Israel’s High Planning Committee of the Defense Ministry’s West Bank Civil Administration approved on Monday the advancement of plans for the construction of over 5,000 new housing units at the Eli settlement and others across the West Bank such at Maale Adumim and Beitar Elit.

The move comes despite warnings from Washington. The US State Department said it was "deeply troubled" by the Israeli plan, and "concerned by reports of changes to Israel’s system of settlement administration that expedite the planning and approvals of settlements."

The Benjamin Netanyahu government brushed off these warnings, granting a first-stage approval. Last week, the government shortened the construction approval process for settlements and wildcat outposts, but plans for the new housing still need at least one more approval. The committee also approved an urban master plan for Eli.

Netanyahu announced his decision to advance the construction of new homes in the Eli settlement last Wednesday, shortly after the attack outside the Eli settlement. Two Palestinian assailants arrived in a car. They fired first at the guard stationed at the entrance of the settlement and then at bystanders at a gas station just outside the village. 

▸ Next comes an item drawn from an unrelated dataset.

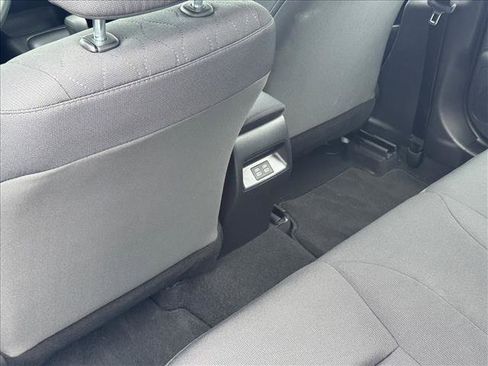 Used 2026 Toyota Corolla LE FWD image 20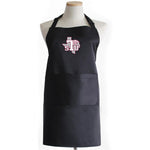 Texas Southern Tigers NCAA BBQ Kitchen Apron Men Women Chef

"Our answer to terrorism is to strike it hard and build our country,” said Netanyahu, announcing the approval for the construction of new housing units at the settlement. The decision was made jointly with Defense Minister Yoav Gallant and with Finance Minister Bezalel Smotrich, who also serves as deputy defense minister.

Four Israeli civilians were killed at Eli last week by two Palestinian gunmen. The buildings approved for Eli will be considered new neighborhoods of the settlement. Their construction will legalize two wildcat outposts — Hayovel and Nof Harim — in their vicinity.

Even before Netanyahu's announcement, Gallant ordered the Israel Defense Forces to revoke working permits in Israel for dozens of relatives of the two Palestinian attackers. The IDF was also instructed to prepare the homes of the two attackers for demolition.

The plans for the advancement of the new housing units were announced last week, before the Eli attack. The US State Department said at the time it was "deeply troubled" by the move, calling on Israel to return to dialogue aimed to de-escalate tensions in the region.

"As has been longstanding policy, the United States opposes such unilateral actions that make a two-state solution more difficult to achieve and are an obstacle to peace," said a statement issued by State Department spokesperson Matthew Miller.

Israel’s Channel 12 and Haaretz reported last week on the establishment of several new wildcat outposts across the West Bank following the Eli attack, carried out with the knowledge of political circles and without interference by the army.